Il palcoscenico diventa l’appartamento di Lui e Lei, le quinte le pareti, i fuori scena sono le stanze che non vediamo, il graticcio è un soppalco nel quale stanno nascosti gli effetti personali. 
Ognuno di questi luoghi è disseminato di trappole e di percorsi cifrati, come se si fosse dentro un gioco di ruolo, che si rivela poi reale.
Lui e lei sono avatar e con le loro cuffie e i loro meccanismi ripetitivi credono, come spesso accade nei rapporti di lunga data, di vedere nitidamente cose che chi li guarda non vede affatto. 
Mettono in difficoltà l’altro con stratagemmi sciocchi, come spegnere la luce, cambiare di posto i mobili, confondere le informazioni. Mentono e rivelano, per ingannare angoscia e tempo. 

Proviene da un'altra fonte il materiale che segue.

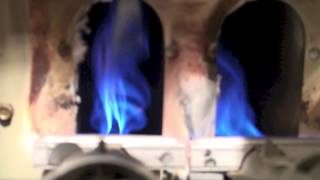 How to set the primary air adjustment of a gas furnace [upl. by Dennet933]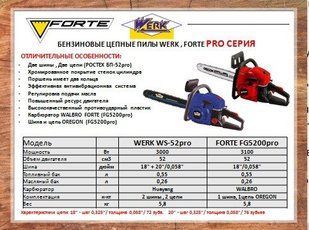 Бензопила ланцюгова Werk WS-52 PROF 45803 фото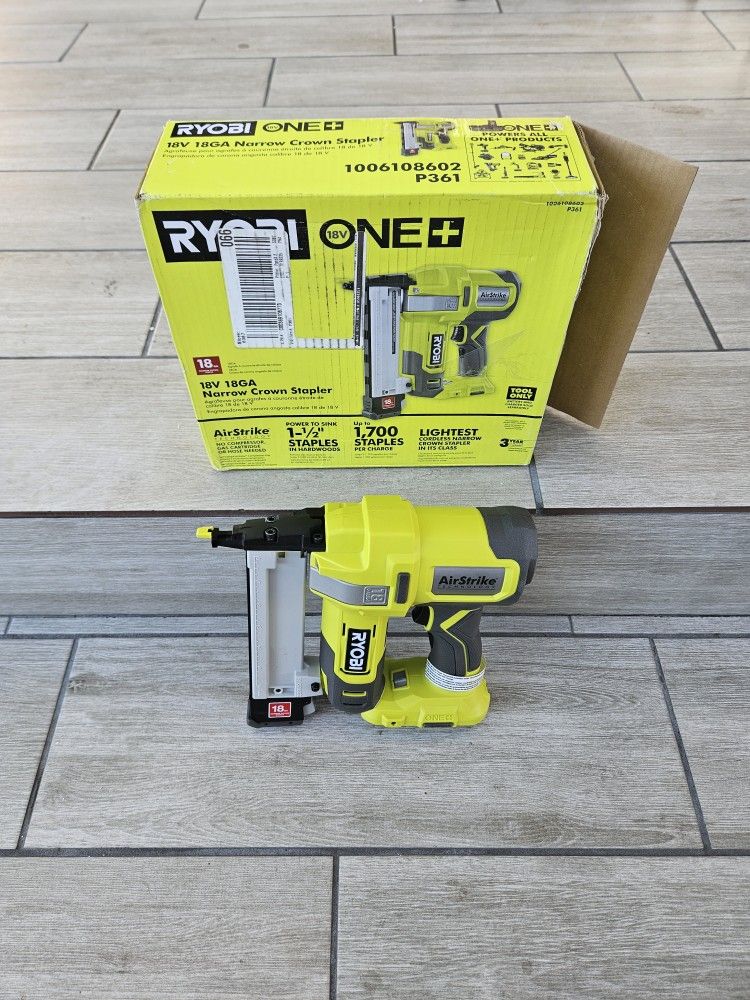 Ryobi 18v 18ga Narrow Crown Stapler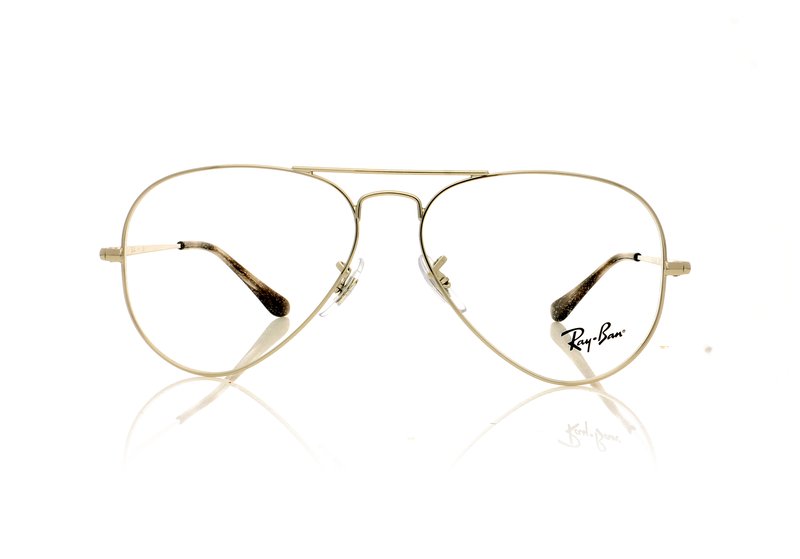 Ray-Ban Aviator 0RX6489 Silver 2501 Glasses - 55mm | 55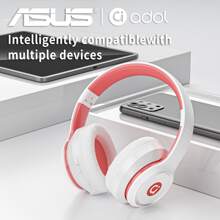 Asus AS-D96 Wireless Earbuds With Microphone Noise-Proof Headphones Headset With Mic Over Ear Compatible With IPhone/Android/Ios - Orange - View 5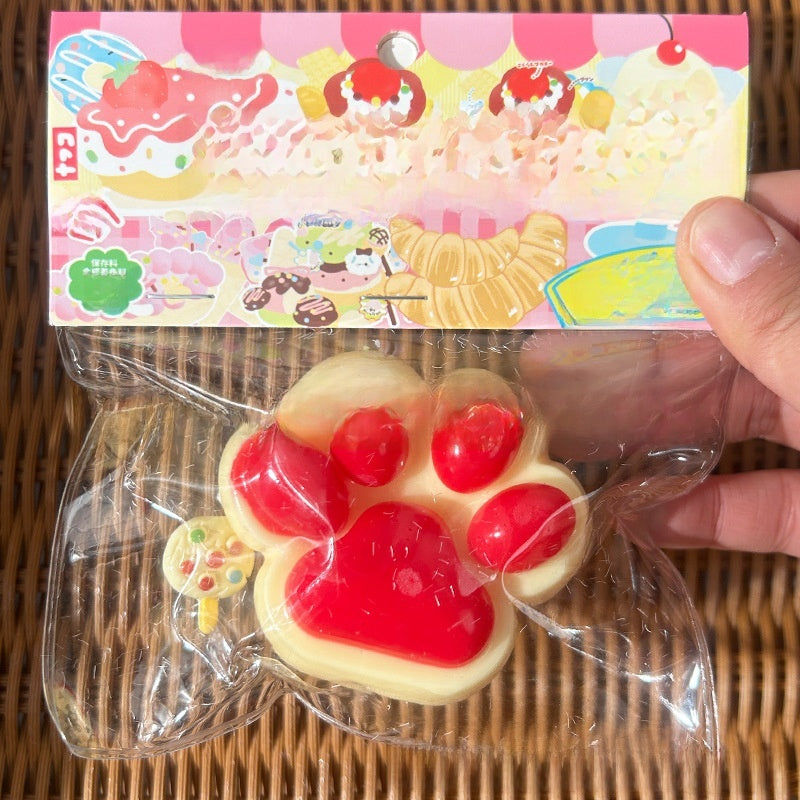 Cute Cat Paw Stress Relief Squeeze Toy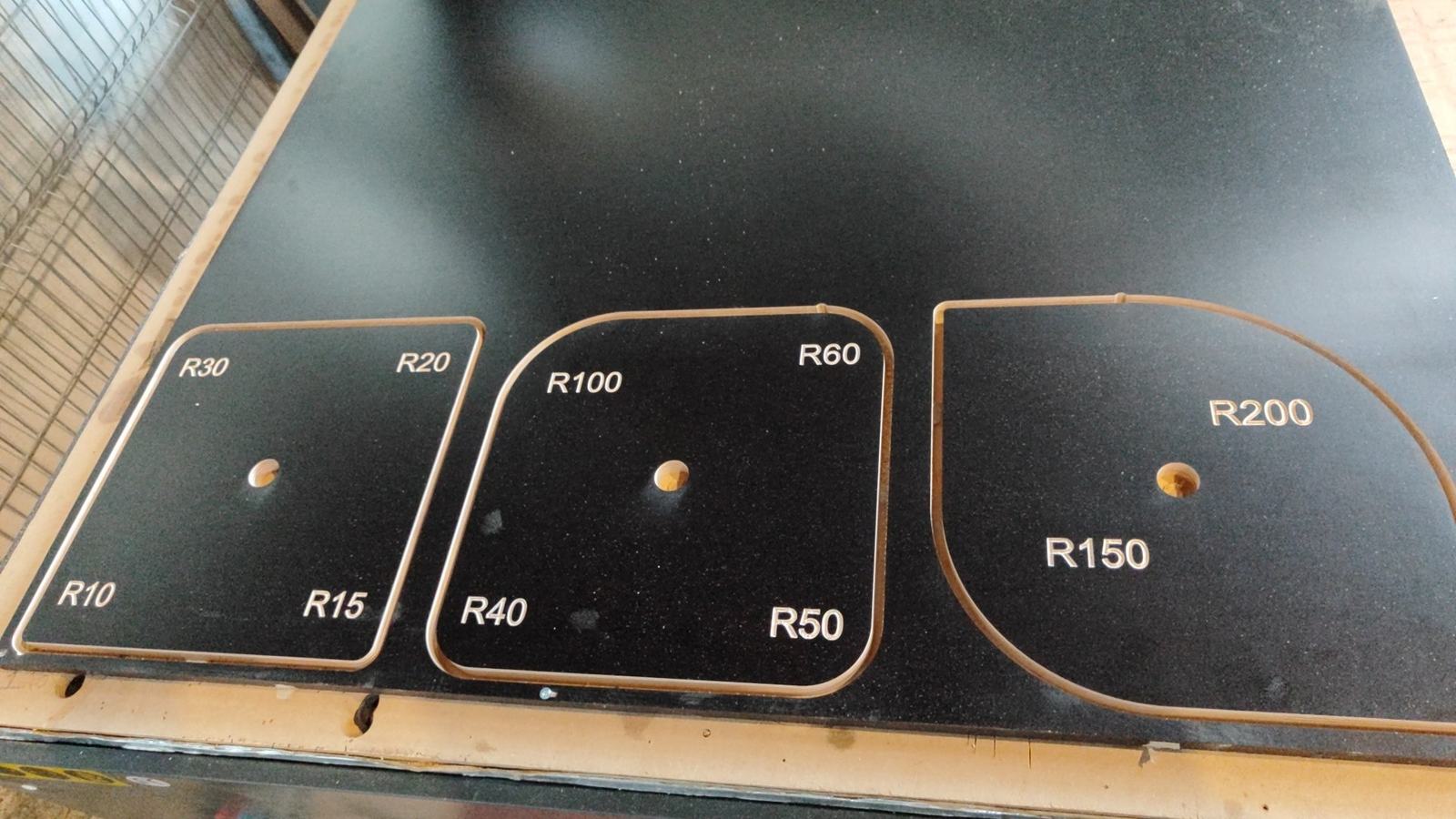 Detailid nurgaraadiustega R10 kuni R200.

Provano la reciproca resistenza, per vedere se possono davvero fidarsi della permanenza dell’altro finché morte non li separi. Si dice che i dialoghi tra innamorati annoino, mentre – dalle comiche di Laurel e Hardy ai film di Woody Allen – i litigi di coppia fanno tanto ridere... proviamo a sentire e ricreare in teatro proprio questo, con gli strumenti e le immagini di un presente che ci vede sempre più soli con le macchine giocattolo che abbiamo ideato: la commovente, ridicola, insostituibile ricerca della vicinanza profonda con un altro essere umano, con il quale cerchiamo di condividere peso e gioia dell’essere al mondo.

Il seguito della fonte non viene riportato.